**COLLECTED DATA:**
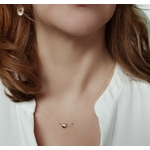 Collier Coeur et Pierre de Naissance personnalisé-idée cadeau saint valentin-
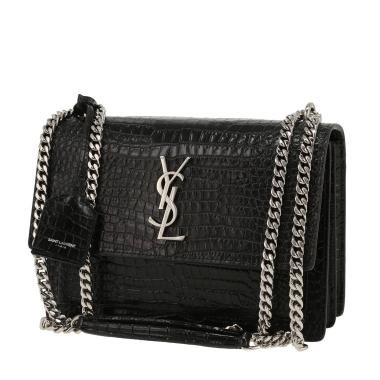 Borsa a tracolla Saint Laurent Sunset in pelle nera simil coccodrillo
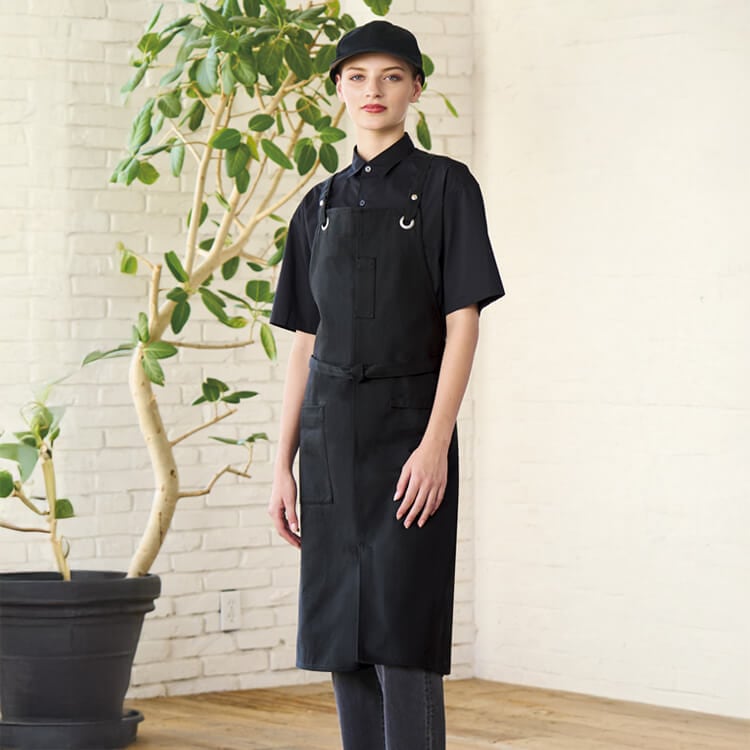 【飲食店ユニフォームエプロン】 綿100% 「ヴィンテージツイル素材」 3色 カフェ/ 店舗制服 (CHIT8806)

**TASK PROMPT:**
All of the data gets printed again exactly; the pictures do not.

**RESULT OF THIS EXERCISE:**
 Collier Coeur et Pierre de Naissance personnalisé-idée cadeau saint valentin-
 Borsa a tracolla Saint Laurent Sunset in pelle nera simil coccodrillo
 【飲食店ユニフォームエプロン】 綿100% 「ヴィンテージツイル素材」 3色 カフェ/ 店舗制服 (CHIT8806)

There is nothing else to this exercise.